Now! (In A Minute)
There’s a story about audiobooks that I wouldn’t believe of others. It’s about how singer Evangeline Ling travelled across London from Wimbledon to Shoreditch in her Batman pajamas. She was too exited to be working on music with David Wrench (the Welsh producer and mixer for Frank Ocean, The xx, David Byrne and others) to get dressed. Ling says she’d been up all night with “crazy adrenaline”. I can believe it. All of it. Having been to a few audiobooks live shows, where Wrench sits surrounded by banks of analogue synths and even emulates Rick Wakeman’s hairstyle, and Ling spontaneously River Dances around him and hyperventilates into the microphone, “crazy adrenaline” is, if anything, a downplay.
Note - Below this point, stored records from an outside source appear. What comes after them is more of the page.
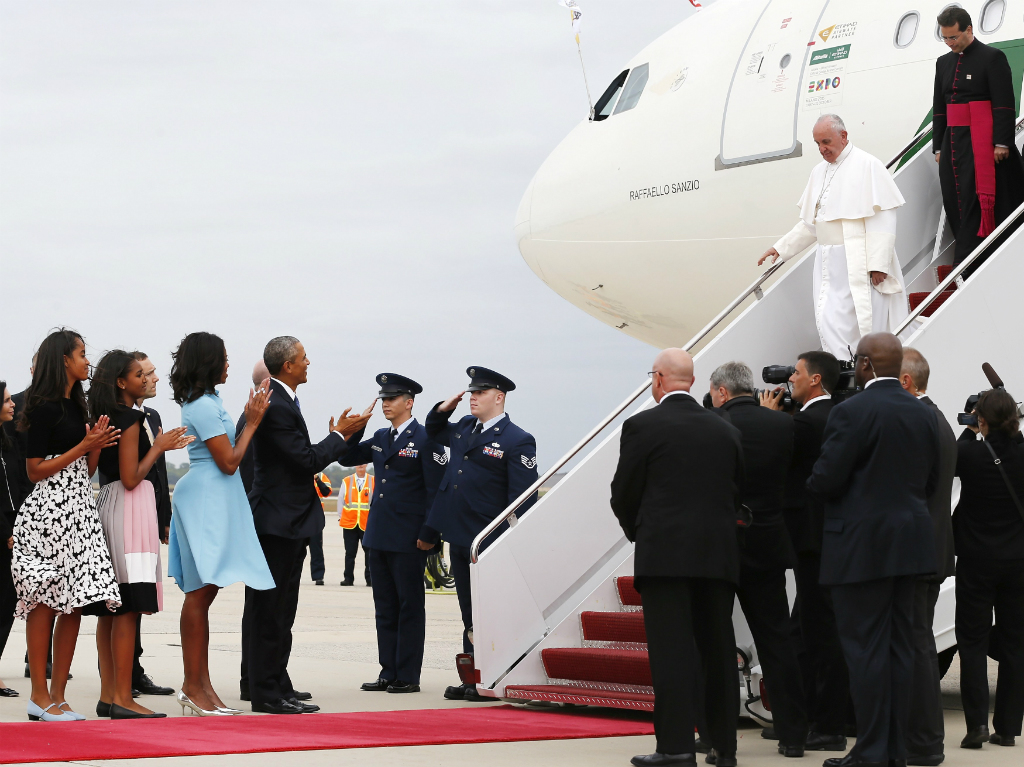 Giáo hoàng Francis bước xuống máy bay trước sự đón chào của gia đình Tổng thống Barack Obama - Ảnh: Reuters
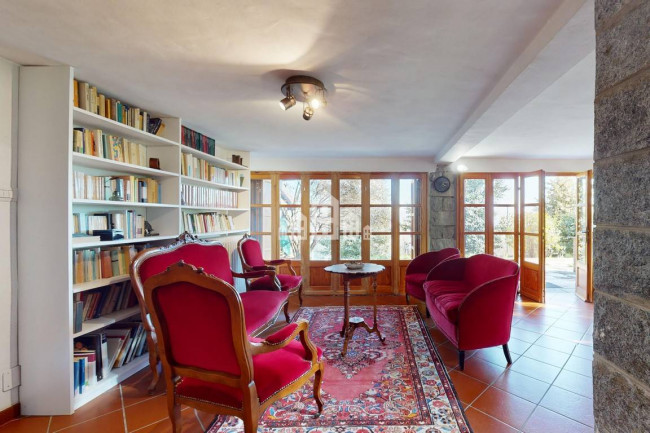 Villa in vendita a Castelnuovo Nigra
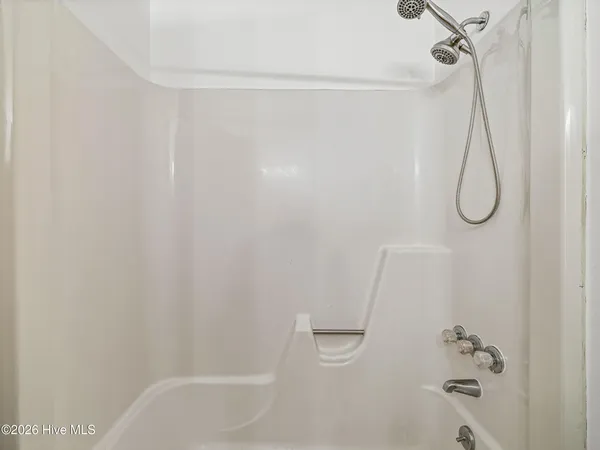 $380,000 | 2200 Colony Plaza, Jacksonville, NC 28546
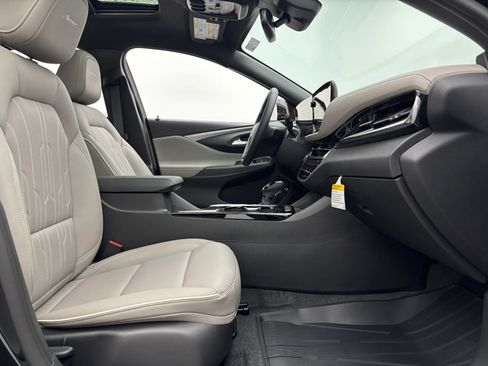 New 2026 Buick Envista Sport Touring FWD image 32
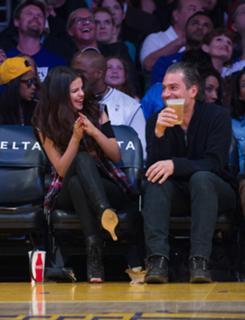 Selena Gomez feet photo thumbnail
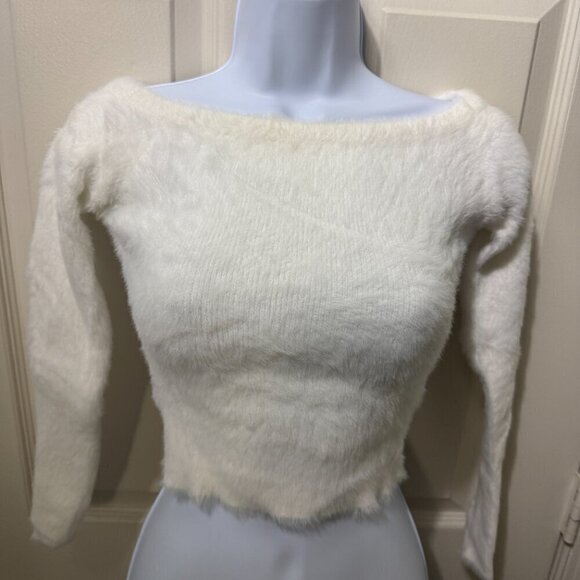 H&M White Fuzzy Crop Long-Sleeve Sweater - Size XS - Picture 2 of 5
She definitely seems like the type of 21-year-old who wears Batman pajamas, although not because she’s a kook in the check-out-my-Pikachu-onesie sense of the word – she’s a more convincing free spirit than that, like a child whose hyperactivity connects to their eccentricities and presses on into psychosis. ‘Now! (in a minute)’ supports the claim – an anything-goes debut album made up of easy-to-dance-to pop songs and hard-to-explain spoken word odysseys.
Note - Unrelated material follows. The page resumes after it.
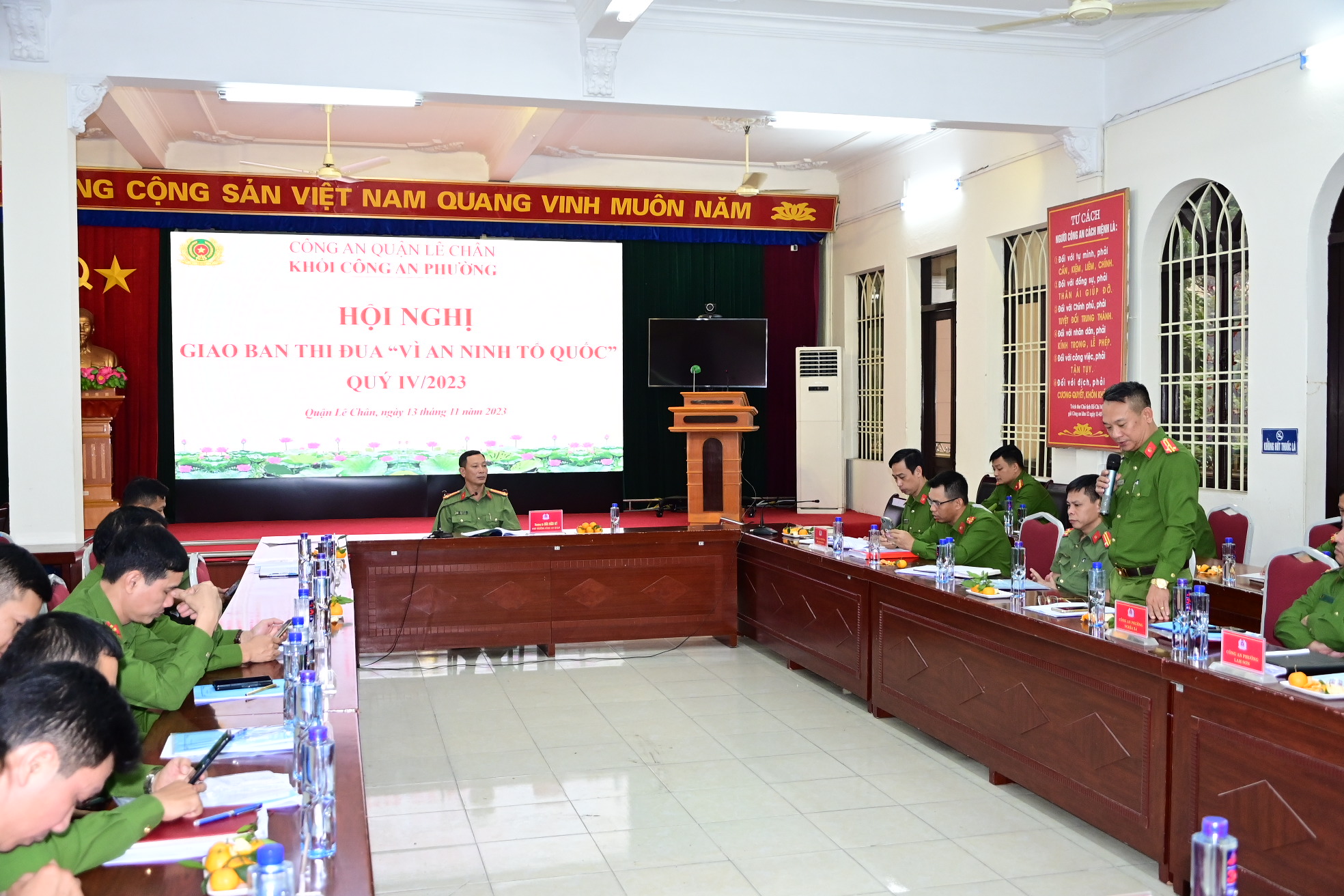 Khối Công an phường (Công an quận Lê Chân) vận động giao nộp và thu hồi 1kg , 45 viên đạn các loại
It all starts with ‘Mother Hen’ and a mechanical swing beat and North African synth line that weaves around Ling’s angelic vocal. It’s a gentle and instantly interesting beginning, and no doubt twelve more tracks like that would be very welcome indeed. It also sets out Ling’s voice early on, confirming its everyday charm while making it clear just how good it is.
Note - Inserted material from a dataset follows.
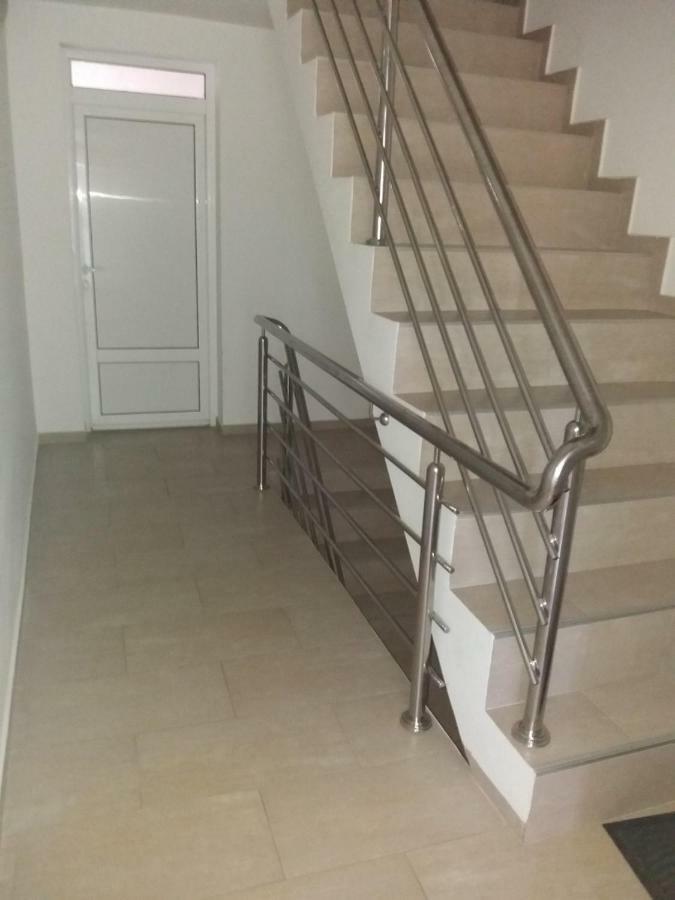 Mona&Mike Apartments Тиват Екстер'єр фото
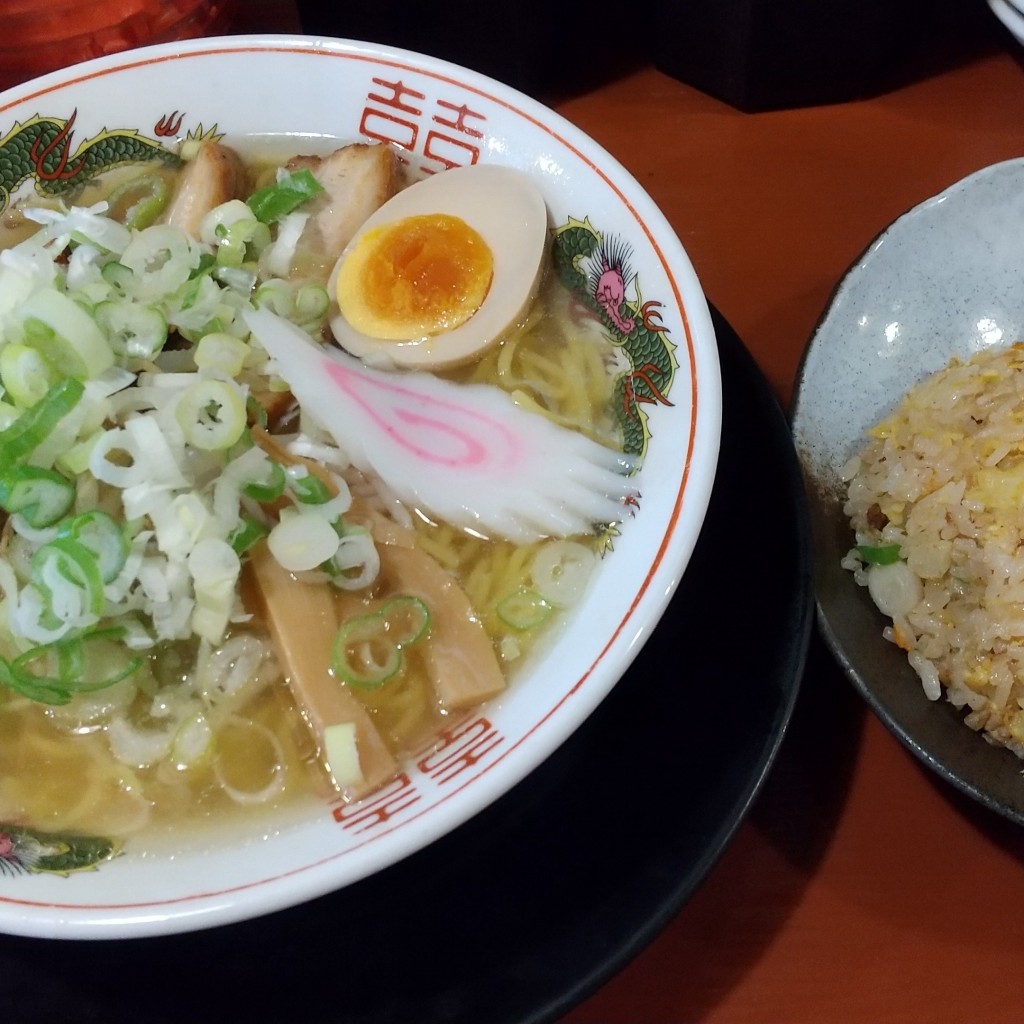 ユーザーが投稿した塩チャーシュ麺 半炒飯の写真 - 実際訪問したユーザーが直接撮影して投稿した巽中ラーメン / つけ麺豚吉 花丸軒の写真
The remaining twelve songs aren’t the same, of course. First there’s ‘Hot Salt’ – the synth hook now has a twist of the Middle East, the beat thumps for the dancefloor and the vocals, shared by Ling and Wrench, become a mix of The Human League’s ‘Don’t You Want Me’ and White Town’s sole ’90s hit ‘Your Woman’. It’s as good as pop gets until ‘Friends In A Bubblebath’ later squashes it quite impossibly – a track that combines Italo Disco with the type of euphoric stings that made the Pet Shop Boys so deadly in the ’80s. Ling meanwhile desperately explains that she doesn’t actually want to sleep with you, she just wants to share a bubble bath, y’know, as friends.
It’s lyrics like these that make the album what it is. David Wrench’s part of the deal is to make ‘Now! (in a minute)’ sound as good as it does, and his years of composing and working with sound files are evident in a record that would have fallen prey to getting by on Garageband plugins and zero budget. Ling is audiobooks’ eccentric voice and she’s bold enough to not hide behind even double-take lyrics but rather lay out the absurdity in full view. On the heavily autotuned ‘I Get Be So Swansea’ (even the title appears to feature a strange typo) that’s cooing “Eating muscles, staring at your muscles” and later squealing “All of his children/ He’s got seventeen/ And they don’t like science/ They only took up P.E.” Although spoken word tracks ‘Grandma Jimmy’ (a creepy, dubby number about a perverted trip to the seaside) and ‘Call of Duty Free’ (a nauseous soap opera about air travel) are where Ling gets really weird.
audiobooks also do drone about menstruation (‘Womanly Blood’), in-the-red glitch metal (‘Dealing With Hoarders’) and more. They definitely take the tube in their pyjamas.